Information gathered July 2008:
BCR-CDP's Digital Imaging Best Practices, version 2.0
http://www.bcr.org/cdp/best/index.html
University of Michigan's Digital Image Specifications.
http://www.lib.umich.edu/lit/dlps/dcs/UMichDigitizationSpecifications20070501.pdf
- (Yale) use the bibliographic record identification number for the specific resource to be scanned that is found in the MARC record for the title in your OPAC. Most of the materials that we are digitally reformatting are cataloged in our OPAC. Call numbers can change, several books can have the same title, and using truncated titles for file names frequently don't offer much information. The bibliographic record number is unique, does not change, and we use this as the persistent identifier for the files. Also, data from OPACs already have a fairly reliable track record of being migrated into the future.

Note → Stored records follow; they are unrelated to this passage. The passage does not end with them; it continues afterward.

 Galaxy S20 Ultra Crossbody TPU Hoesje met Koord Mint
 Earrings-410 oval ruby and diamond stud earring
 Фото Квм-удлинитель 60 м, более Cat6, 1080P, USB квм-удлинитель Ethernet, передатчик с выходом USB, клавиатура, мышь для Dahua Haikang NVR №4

- The New York State Library employs such a convention, with OCLC number or local control number being the major portion of most file names (not all items imaged have been cataloged). Some of our larger items are scanned in parts, some imaging equipment saves raw scans at one file per page (later combined for a use copy), and some of our imaged titles are multi-part sets or serials. And so while the bib record identification number is a good start, we necessarily create file names that may include Volume, Number, Year, Month, Day, Part, Page, etc.

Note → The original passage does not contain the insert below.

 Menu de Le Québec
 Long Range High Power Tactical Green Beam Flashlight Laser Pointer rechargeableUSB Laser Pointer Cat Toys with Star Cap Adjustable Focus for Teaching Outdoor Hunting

- (Sibley/Univ of Rochester) We base our file names on the bar code assigned to the copy we digitize, since it is logically and permanently linked both to the specific copy we digitized (we retain the original with its bar code attached to the housing) and to the bib record.
- We also use our bib identifier for most special and older projects. The materials being scanned by (or by us for) the Google Michigan Digitization Project use the barcode attached to the bib record.

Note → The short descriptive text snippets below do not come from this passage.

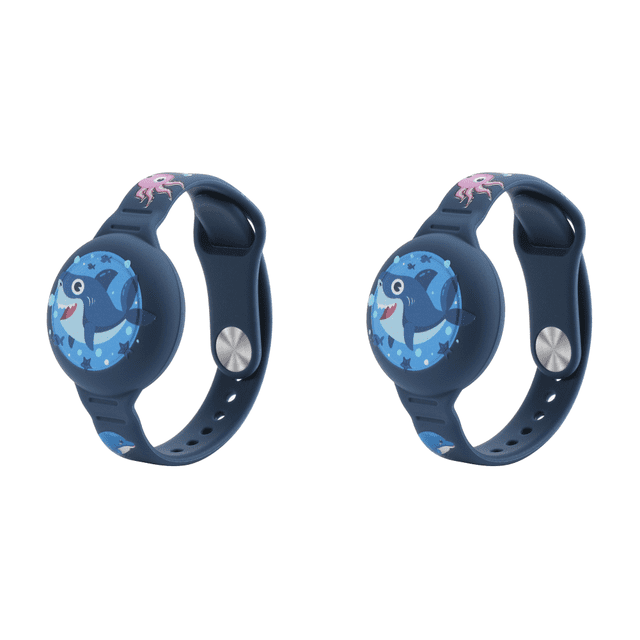 Pulsera Dibujos Animados Silicona Impermeable para Apple AirTag (tiburón)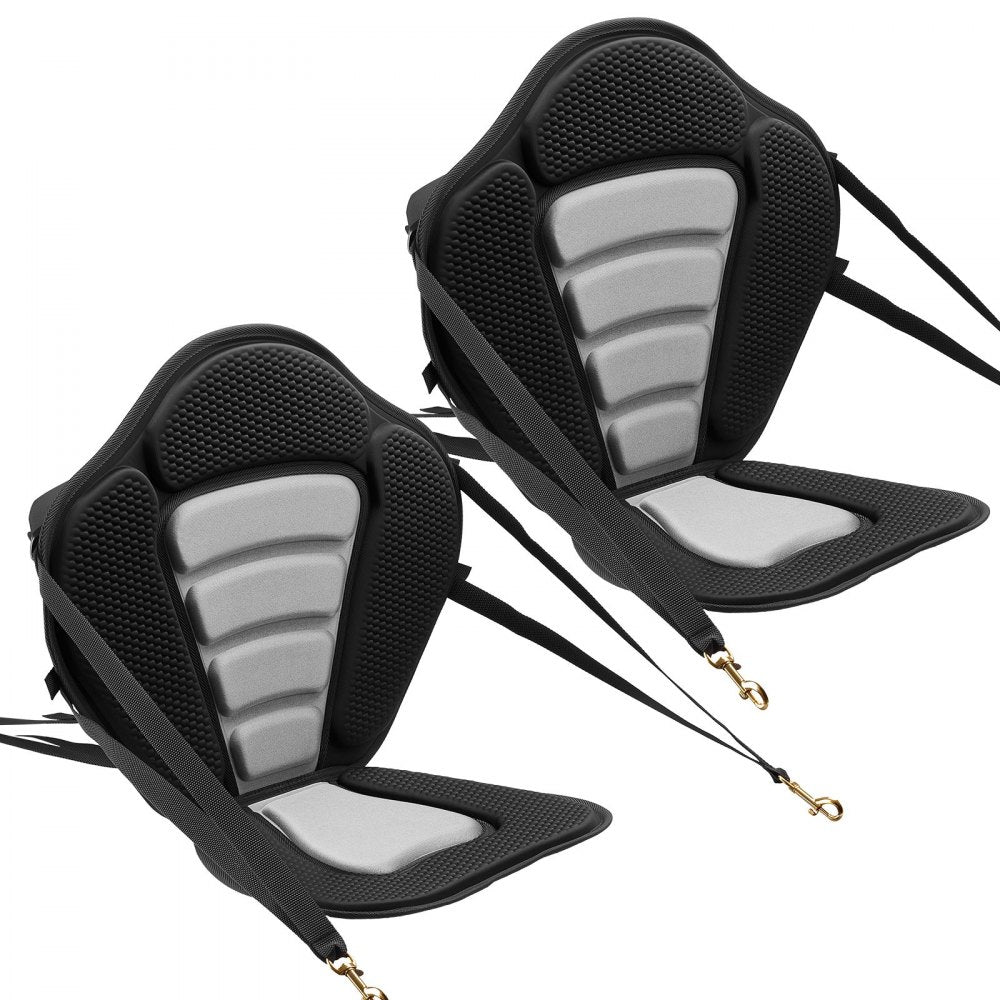 VEVOR Kayak Seat, 2 Pack 0.5" Thick, Universal Paddle Board Seat with Back Support, Sit-on-Top Soft Padded Cushion with Storage Bag & Adjustable Straps for SUP, Canoe, Fishing Boat, Inflatable Kayak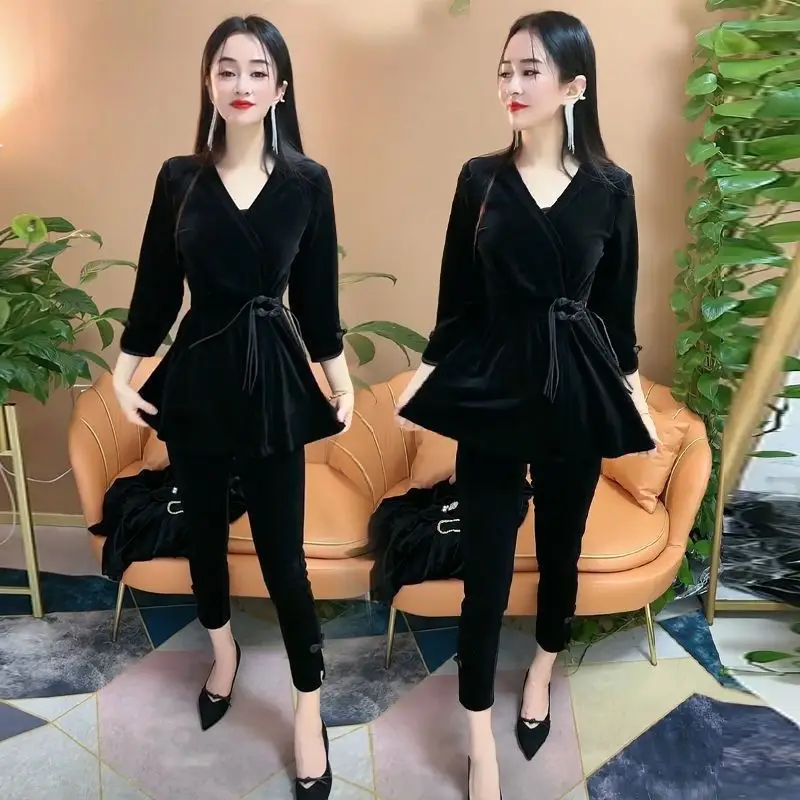 Spring Autumn New Canary Velvet Fashion Suit Slim Cut Look Slimmer Dial Buckle Cardigan Thin Pants 2 Piece Sets Womens Outfits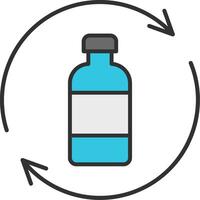 Bottle Recycling Line Filled Light Icon vector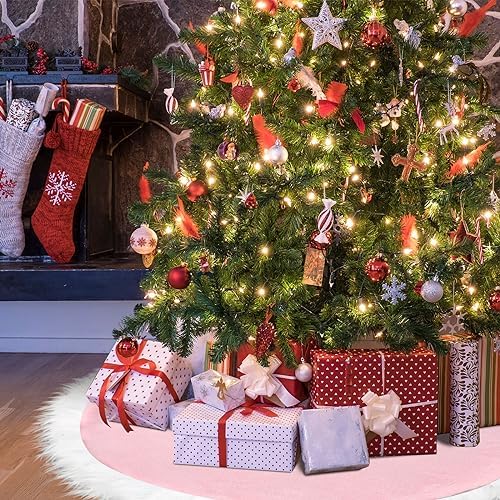 Mudder 47.2 Inch Christmas Tree Skirt,Pink and White - Image 5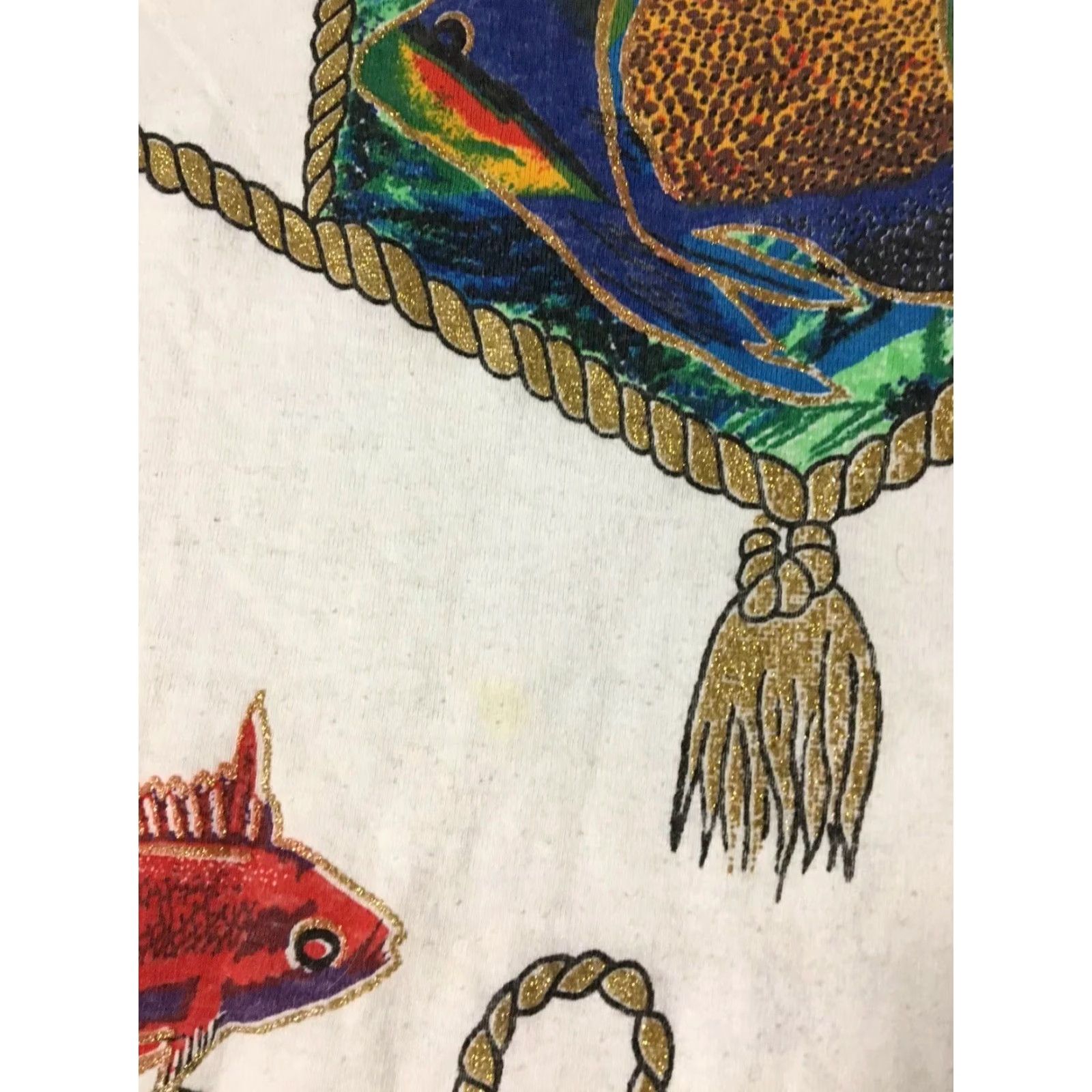 Vintage VINTAGE KWBL Los Angeles Fish Shirt XL White USA Sailing Ocean Beach 90s T-Shirt Mens Size US XL / EU 56 / 4 - 4 Thumbnail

- I posted a reply to this on the ARSC Associated Audio Archivists Message Board because it was easier to format that way. Here's the link:
http://arsc-aaa.invisionzone.com/forums/index.php?showtopic=38 - it is extremely important to document the filenaming scheme some where else as well. I keep a running word document for each collection we load with a written explanation of the file naming scheme and why we chose it. It is really for in-house use and for future employees.
- (Indiana Univ) The Archives of Traditional Music updated its file naming scheme in 2006, working with our Digital Library Program which was simultaneously developing the recommendations presented by the first link in Nancy's message, below. You can see our implementation for audio files in chapter 3 of the publication Sound Directions: Best Practices for Audio Preservation, available at http://www.dlib.indiana.edu/projects/sounddirections/papersPresent/index.shtml
- (Rochester?) When I was researching file naming some time ago, I had bookmarked these pages (I found the first to be particularly helpful):
http://wiki.dlib.indiana.edu/confluence/display/INF/Filename+Requirements+for+Digital+Objects
http://www.archives.gov/preservation/technical/guidelines.pdf (see page 60)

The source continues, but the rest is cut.